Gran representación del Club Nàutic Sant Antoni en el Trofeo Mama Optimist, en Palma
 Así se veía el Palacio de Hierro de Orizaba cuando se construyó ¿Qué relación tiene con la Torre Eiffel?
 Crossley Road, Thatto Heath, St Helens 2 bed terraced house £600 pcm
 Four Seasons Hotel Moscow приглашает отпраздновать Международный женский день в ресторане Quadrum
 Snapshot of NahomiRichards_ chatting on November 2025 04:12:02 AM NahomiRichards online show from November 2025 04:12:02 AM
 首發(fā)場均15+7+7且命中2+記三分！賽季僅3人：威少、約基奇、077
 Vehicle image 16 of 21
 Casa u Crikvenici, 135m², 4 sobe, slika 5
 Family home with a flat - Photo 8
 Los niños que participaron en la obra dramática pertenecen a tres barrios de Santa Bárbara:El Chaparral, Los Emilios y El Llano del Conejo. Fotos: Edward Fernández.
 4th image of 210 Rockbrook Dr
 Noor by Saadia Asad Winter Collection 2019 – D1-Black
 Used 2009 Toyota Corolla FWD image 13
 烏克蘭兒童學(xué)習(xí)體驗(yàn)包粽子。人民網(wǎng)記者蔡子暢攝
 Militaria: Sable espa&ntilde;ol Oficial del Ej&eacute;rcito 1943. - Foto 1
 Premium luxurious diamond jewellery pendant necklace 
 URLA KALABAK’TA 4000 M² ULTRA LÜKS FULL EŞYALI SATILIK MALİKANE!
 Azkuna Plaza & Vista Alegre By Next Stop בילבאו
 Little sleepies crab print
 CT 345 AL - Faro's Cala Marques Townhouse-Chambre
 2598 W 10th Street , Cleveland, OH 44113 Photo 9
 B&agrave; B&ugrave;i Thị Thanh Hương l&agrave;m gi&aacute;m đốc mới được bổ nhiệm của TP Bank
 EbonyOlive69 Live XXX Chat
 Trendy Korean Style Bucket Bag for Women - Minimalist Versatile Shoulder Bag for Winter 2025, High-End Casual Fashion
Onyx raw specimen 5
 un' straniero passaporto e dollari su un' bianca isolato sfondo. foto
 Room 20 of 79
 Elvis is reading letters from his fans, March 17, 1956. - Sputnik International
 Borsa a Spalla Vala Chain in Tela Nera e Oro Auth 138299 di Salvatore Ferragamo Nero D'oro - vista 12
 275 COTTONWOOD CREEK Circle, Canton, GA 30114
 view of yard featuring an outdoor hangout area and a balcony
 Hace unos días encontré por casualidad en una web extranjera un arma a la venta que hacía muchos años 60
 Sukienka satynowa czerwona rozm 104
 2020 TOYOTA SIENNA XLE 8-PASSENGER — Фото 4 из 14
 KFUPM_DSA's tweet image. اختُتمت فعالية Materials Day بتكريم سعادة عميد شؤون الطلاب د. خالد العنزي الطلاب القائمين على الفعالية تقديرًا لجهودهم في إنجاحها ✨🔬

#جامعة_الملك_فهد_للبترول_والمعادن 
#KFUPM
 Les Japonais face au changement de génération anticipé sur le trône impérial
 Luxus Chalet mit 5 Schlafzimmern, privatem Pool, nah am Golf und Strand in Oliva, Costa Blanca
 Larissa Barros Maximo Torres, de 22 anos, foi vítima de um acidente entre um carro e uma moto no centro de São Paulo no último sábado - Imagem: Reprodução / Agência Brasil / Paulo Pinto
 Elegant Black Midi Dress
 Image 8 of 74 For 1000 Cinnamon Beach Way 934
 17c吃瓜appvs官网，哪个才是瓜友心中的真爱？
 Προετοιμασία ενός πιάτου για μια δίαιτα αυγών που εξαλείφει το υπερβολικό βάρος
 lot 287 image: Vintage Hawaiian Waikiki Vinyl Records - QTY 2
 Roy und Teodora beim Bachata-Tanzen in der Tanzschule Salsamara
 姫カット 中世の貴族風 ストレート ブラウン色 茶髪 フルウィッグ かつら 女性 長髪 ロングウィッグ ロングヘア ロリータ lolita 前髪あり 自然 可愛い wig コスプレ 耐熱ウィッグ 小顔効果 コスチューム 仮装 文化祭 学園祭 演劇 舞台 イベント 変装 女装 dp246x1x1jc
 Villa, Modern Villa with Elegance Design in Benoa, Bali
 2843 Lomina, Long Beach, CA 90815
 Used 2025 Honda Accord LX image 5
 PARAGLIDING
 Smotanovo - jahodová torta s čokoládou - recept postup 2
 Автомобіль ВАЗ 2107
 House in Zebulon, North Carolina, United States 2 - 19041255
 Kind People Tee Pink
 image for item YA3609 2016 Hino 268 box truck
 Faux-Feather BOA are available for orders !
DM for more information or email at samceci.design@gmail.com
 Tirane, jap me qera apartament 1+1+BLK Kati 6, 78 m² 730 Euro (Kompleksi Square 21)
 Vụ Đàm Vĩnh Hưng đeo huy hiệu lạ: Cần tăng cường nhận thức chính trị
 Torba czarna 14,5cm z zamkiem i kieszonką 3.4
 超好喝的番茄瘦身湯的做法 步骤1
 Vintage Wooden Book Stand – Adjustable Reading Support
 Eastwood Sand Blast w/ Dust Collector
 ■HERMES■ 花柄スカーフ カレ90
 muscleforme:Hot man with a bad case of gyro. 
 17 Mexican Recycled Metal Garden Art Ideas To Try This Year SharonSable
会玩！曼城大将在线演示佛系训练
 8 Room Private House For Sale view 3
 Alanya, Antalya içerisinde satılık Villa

• [What you have to do]
Scan the lines above for the word "from", then copy each line that has it.

• [Solution below]
 Snapshot of NahomiRichards_ chatting on November 2025 04:12:02 AM NahomiRichards online show from November 2025 04:12:02 AM
 Elvis is reading letters from his fans, March 17, 1956. - Sputnik International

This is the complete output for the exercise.